# Entries shown
___

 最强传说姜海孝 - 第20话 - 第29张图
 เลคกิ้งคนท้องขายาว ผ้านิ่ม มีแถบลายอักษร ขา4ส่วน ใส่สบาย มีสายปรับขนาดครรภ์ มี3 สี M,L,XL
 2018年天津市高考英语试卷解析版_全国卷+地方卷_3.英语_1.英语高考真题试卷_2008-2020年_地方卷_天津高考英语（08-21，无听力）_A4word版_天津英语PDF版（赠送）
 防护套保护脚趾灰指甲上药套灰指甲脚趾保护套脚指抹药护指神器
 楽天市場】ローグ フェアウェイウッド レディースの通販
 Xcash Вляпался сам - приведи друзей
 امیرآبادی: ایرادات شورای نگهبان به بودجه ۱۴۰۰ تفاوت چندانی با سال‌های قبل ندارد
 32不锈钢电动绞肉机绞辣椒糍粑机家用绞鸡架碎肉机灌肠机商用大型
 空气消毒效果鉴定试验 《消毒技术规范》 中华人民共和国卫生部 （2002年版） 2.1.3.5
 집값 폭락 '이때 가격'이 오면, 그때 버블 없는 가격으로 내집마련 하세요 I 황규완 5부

___

# Activity
Repeat only the stretch of lines starting at the one containing "2018年天津市高考英语试卷" and running to the final line of the entries above.

# Task output
 2018年天津市高考英语试卷解析版_全国卷+地方卷_3.英语_1.英语高考真题试卷_2008-2020年_地方卷_天津高考英语（08-21，无听力）_A4word版_天津英语PDF版（赠送）
 防护套保护脚趾灰指甲上药套灰指甲脚趾保护套脚指抹药护指神器
 楽天市場】ローグ フェアウェイウッド レディースの通販
 Xcash Вляпался сам - приведи друзей
 امیرآبادی: ایرادات شورای نگهبان به بودجه ۱۴۰۰ تفاوت چندانی با سال‌های قبل ندارد
 32不锈钢电动绞肉机绞辣椒糍粑机家用绞鸡架碎肉机灌肠机商用大型
 空气消毒效果鉴定试验 《消毒技术规范》 中华人民共和国卫生部 （2002年版） 2.1.3.5
 집값 폭락 '이때 가격'이 오면, 그때 버블 없는 가격으로 내집마련 하세요 I 황규완 5부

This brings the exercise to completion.